Nicolas Jaarはサックスなどを含めたバンドセットで出てきたり、民族音楽的要素が入っていたりと多様な表現をしている。最近はDarksideというユニットでも活動している。
「Space Is Only Noise」が出てすぐの2011年にミラノで見たときはバンドセットで聴かせる系の曲が多かったが、2013年にバルセロナのソナーで見た時はBPMを変幻自在に変えながら踊らせるパフォーマンスだった。

何で聞いたのか読んだのか覚えていないが、彼のインタビューの言葉で「テクノは早くなりすぎた。そのせいで音楽から多様な、豊潤な要素が失くなってしまった。」といったような内容の事を喋っていたと思う。
美術、建築、デザインなど音楽以外の分野でも同じような事が言えると思う。
去年ミラノのPalazzo Realeでジャクソン・ポロック展を見た時に同時代に活躍した抽象表現主義の画家の作品も展示されていたが、何か物足りなさを感じた。
自分のリテラシーの無さからくるのだと思うが、率直に言うと、どれも同じに見えた。

Jackson Pollock, Number 27, 1950
© Jackson Pollock by SIAE 2013 © Whitney Museum of American Art


ジャクソン・ポロックに関していうと、(彼の名前のついた展示会だけあって)ドリッピングの作品だけでなく具象画のようなものも展示されており、様々な表現の中に彼の人間的複雑性が見れたような気がして面白かった。あとは日本のカリグラフィに影響を受け、そのまま書道を絵にしたような ー書から漢字の意味を排除すればただの形になるー 作品だったり、ただの反復に感じた。
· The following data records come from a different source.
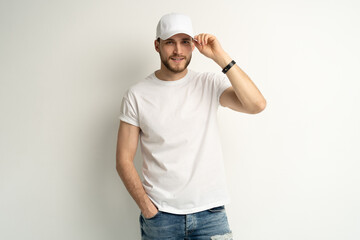 Handsome man wearing blank white cap and white t-shirt isolated on white background.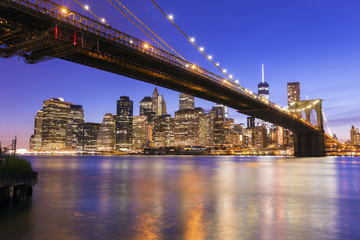 Fototapeta na wymiar Brooklyn Bridge at dusk viewed from the Brooklyn Bridge Park in New York City.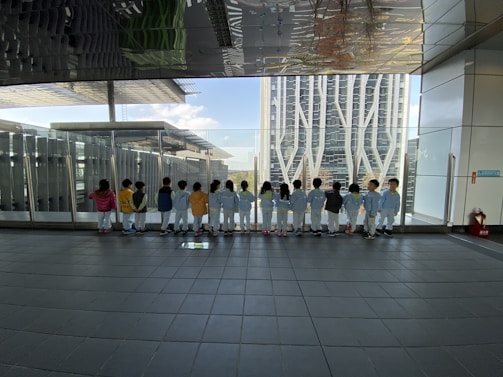 A group of children in colorful outfits stand in a line facing a large glass window, looking out at a cityscape with modern buildings. The ceiling reflects the scenery and the tiled floor adds a geometric pattern to the scene.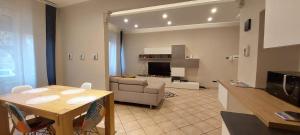 a kitchen and living room with a table and a couch at La piccola Flo in Terni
Willem de Kooning, Landscape, 1949
© Whitney Museum of American Art © The Willem de Kooning Foundation by SIAE 2013




Franz Kline, Mahoning, 1956
© Franz Kline by SIAE 2013 © Photography by Sheldan C. Collins
玄人には分かる違いがあるという人もいるかもしれないが、そもそも情報量が少なく単一化してはいないか。還元的というよりも排除的な表現のように思う。
展示の終わりの方に抽象表現主義の歴史年表が写真付きであったが、その一番初めの写真が長崎に落とされた原爆のキノコ雲の写真で、そこから抽象表現主義の歴史年表が始まっているのが象徴的に思えた。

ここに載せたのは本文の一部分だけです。